Monday, November 29, 2010

Two Firsts.

For the first time, I hated you today. 
I was pissed off, irritated and mad about you being late in our pre-scheduled training. You were absent yesterday and you knew you have to learn everything you missed but you came in 3 hours late today. Actually, I was not the only one who felt that way but everyone else. But the impact on me was different. I was really really mad that I blurted out words that I never thought I would actually say to you. Argh. 


It was really irritating because a lot of people has put so much effort to attend the training as often and as early as they can but you just walked in and out of it. Aaaaghh. Until now I still feel that irritation. I just hope it won't happen next time.


Another first time that happened tonight is one of my closest friends finally coming out. Well, only to me. Hehe. I have been friends with this guy for at least 3 years now. And since then, I knew who and what he is. (What meaning gender preference). But he never confirmed that to me before. Now, since he has a new someone in his life (which happens to be my close friend too), he finally confirmed it to me. 


I'm happy for them, of course. But more than anything, I'm happy because somehow you treat me as someone important to you. Disclosing your relationship is never too easy but you did it for me. So thanks. 

Sunday, November 28, 2010

On getting over you..

A while ago, I kind of realized that I'm over of what I felt for you before.
Indication?


Was slightly pissed when you suddenly didn't attend to what is very important right now.
I was pissed because you knew you have to attend. And yet you didn't just because of a "party" you were forced to attend to. Talking about priorities. Or shall I say, you really didn't want to attend.


Anyway, I'm getting better now. I hope this is the last time that I.m blogging about you.
Tss.

Sunday, November 21, 2010

Nothing. Period.

Love is blind.


For once, I never believed this line.
How can someone not see what the world has been showing? I guess we cannot call him blind.
Stupid, rather.


After all these years, I have never believed this.
Until this day came that I met you. And I admitted the fact that I have really fallen for you.
And I have denied everything that I was seeing. I have denied what was happening,
I gave you the benefit of the doubt. Always given you. 
I never stopped myself from falling. 


Today, I confirmed it. 
There was nothing.
Nothing between you and me.
As I have always thought about.
And there will never be in the future.
No.
Nothing.
Never.
Period.

Sunday, November 14, 2010

Jealous

It was a day of highs and lows. 


But the main focus of my day was seeing you. Yes. I'm excited to see you. 
However, you didn't seem excited enough to see me. Contrary to your texts.

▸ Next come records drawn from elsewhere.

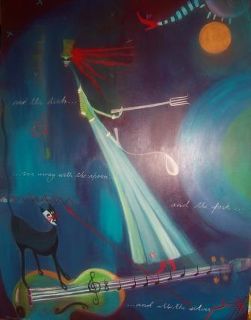 HEY DIDDLE DIDDLER-SOLD- $1495.00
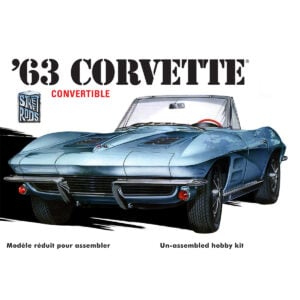 AMT 1963 Corvette Convertible 1/25 Scale 1335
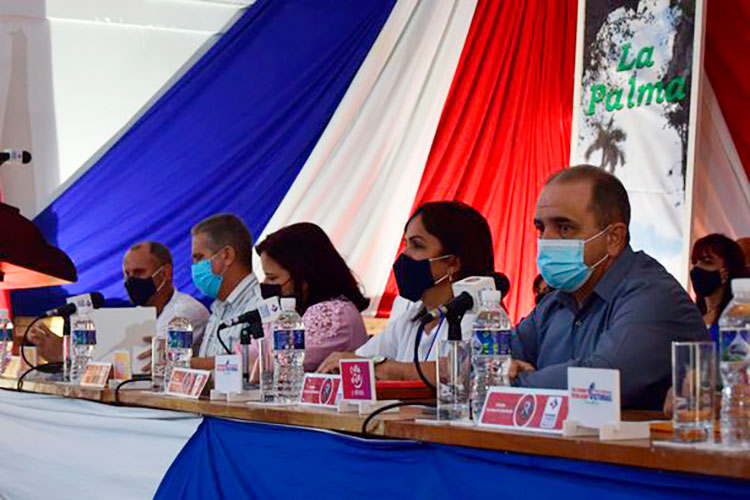 Una mirada crítica al funcionamiento del Partido en La Palma Asamblea municipal del PCC en La Palma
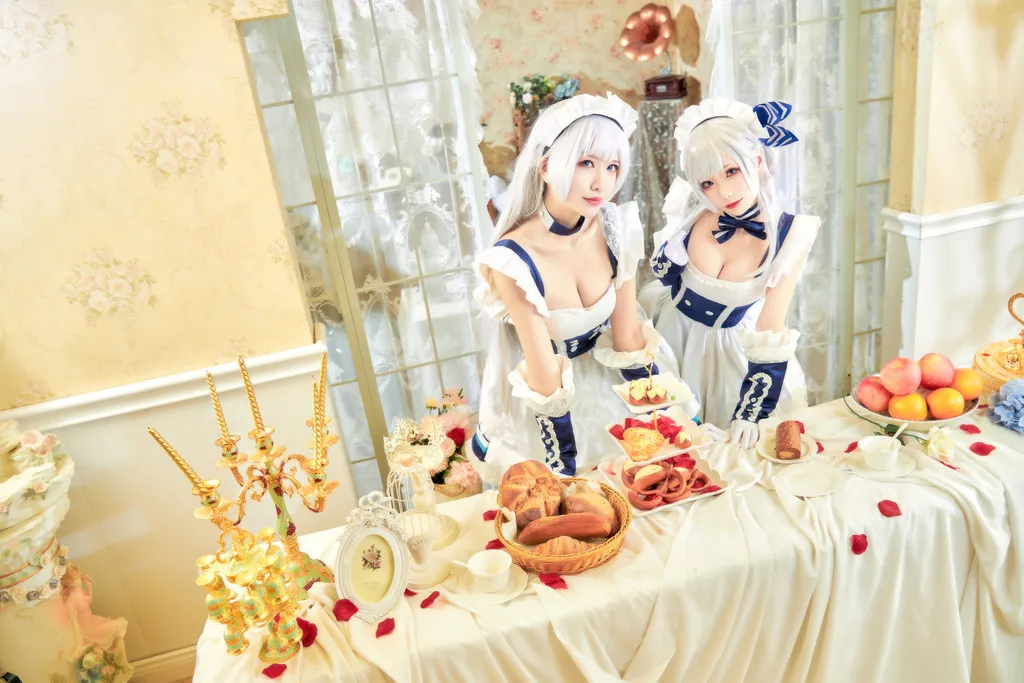 源纱希喵喵喵 x 犹大Yuta – 碧蓝航线 贝尔法斯特[28P/219MB]插图2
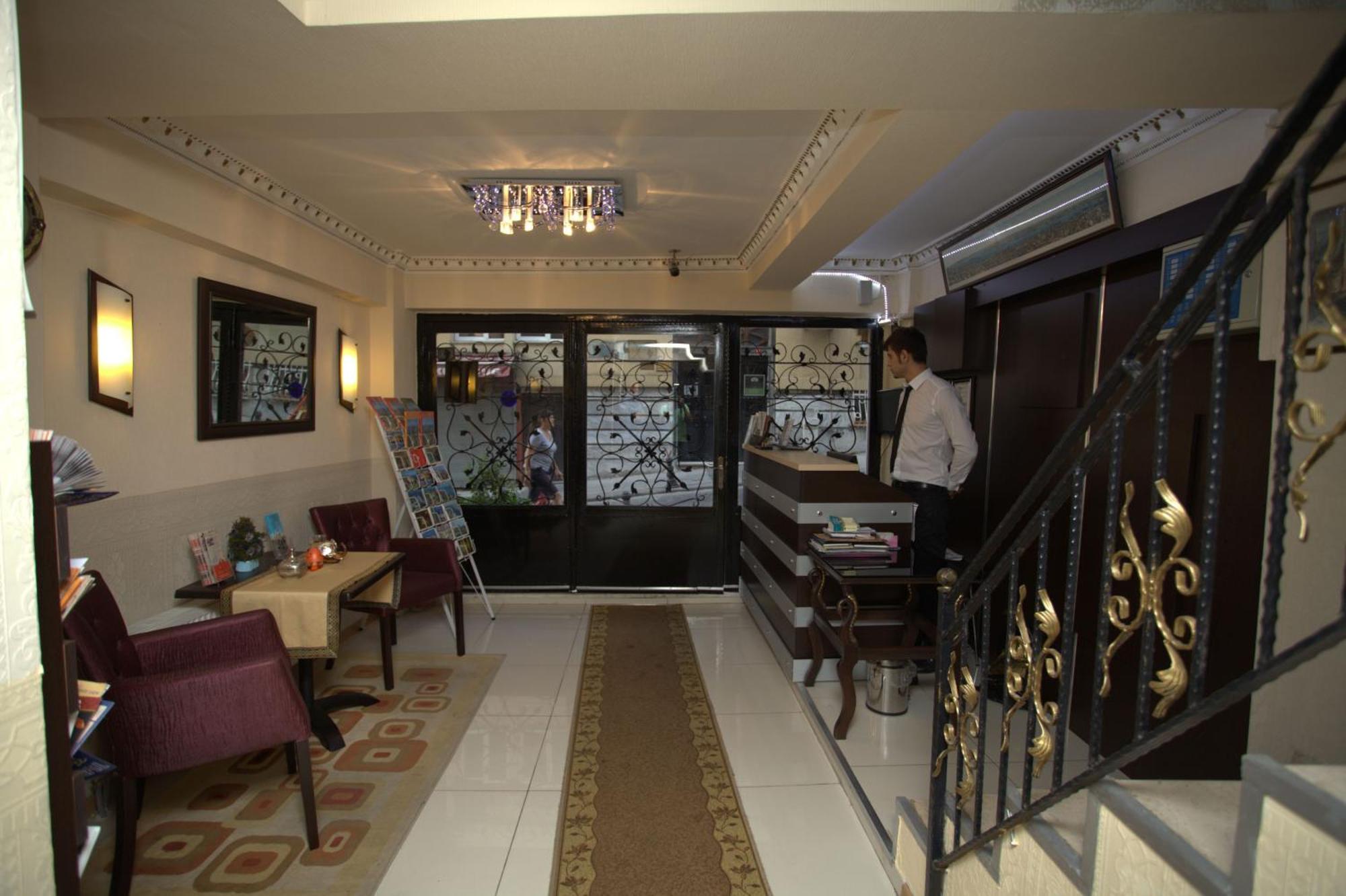 איסטמבול Sultanahmet Park Hotel מראה חיצוני תמונה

You were more engaged with the fact that I invited our close friend over to join our gathering.


You clung to him all day.
You sat beside him on the bus and during dinner.
You rode on his back like a horse (srsly)
You kept mentioning his name
And tapping his back
And putting your arms around him


And yes, it's a guy. And I'm talking about you, a guy.
I don't wanna say this, or even think about this but,
I think you're skewed.
It is some geometrical term opposite of straight.


So you might ask why I am doing this, or saying this
or ranting about this. 


Alright, alright. 
I guess I don't want to admit it yet but I think I'm starting to like you.
And I think I am jealous.


I can't believe I'm saying this (or rather, writing about this) and you are reading this!!!!!!
Not mad, boy, but please, come clean.
For the sake of everyone else.
Including yourself.

Wednesday, November 10, 2010

Friendship not yet over. :)

A lot of people had already warned me about you.
That there will come a time you will leave me as your friend; that you will just pass by me at one moment, not remembering our more than 2 years of friendship; that everything will be over.


Actually, I do not know how to believe them. Cos since I met you exactly 3 1/2 years ago, you have been there constantly until now. You knew everything that is happening to me. As well as me, I knew all your whereabouts in life. Whether you had your first college girlfriend, broke up with her, had 3-5 flings within a year, cut classes, flunk subjects and repeated them over, puke while drinking, etc.


I guess those people who warned me also care that I might just be hurt in the end.
But of course, it's up to me. Actually, I have a choice to leave you first before you doing that. But then again, you managed to stick around in the last 3 1/2 years of our friendship, so why do so?




Anyway, I hope this is forever. You are one of the few people I trust and care the most.
Cheers to good and long-lasting friendship!

Sunday, November 7, 2010

Digital Romance

I don't know what's with you.
One, maybe you're just too sweet with everyone else. And I am, once again, assuming everything.

Or two, you're just too torpe not to express ypur feelings when we're together. Because when you text, it's different.

Okay here we go again. Digital Romance. I hate it. And I swore to myself it will never happen again. And here we go once more with assuming. Please. Stopit. It'll just kill you.

Anyway, move on please. And just wait and see.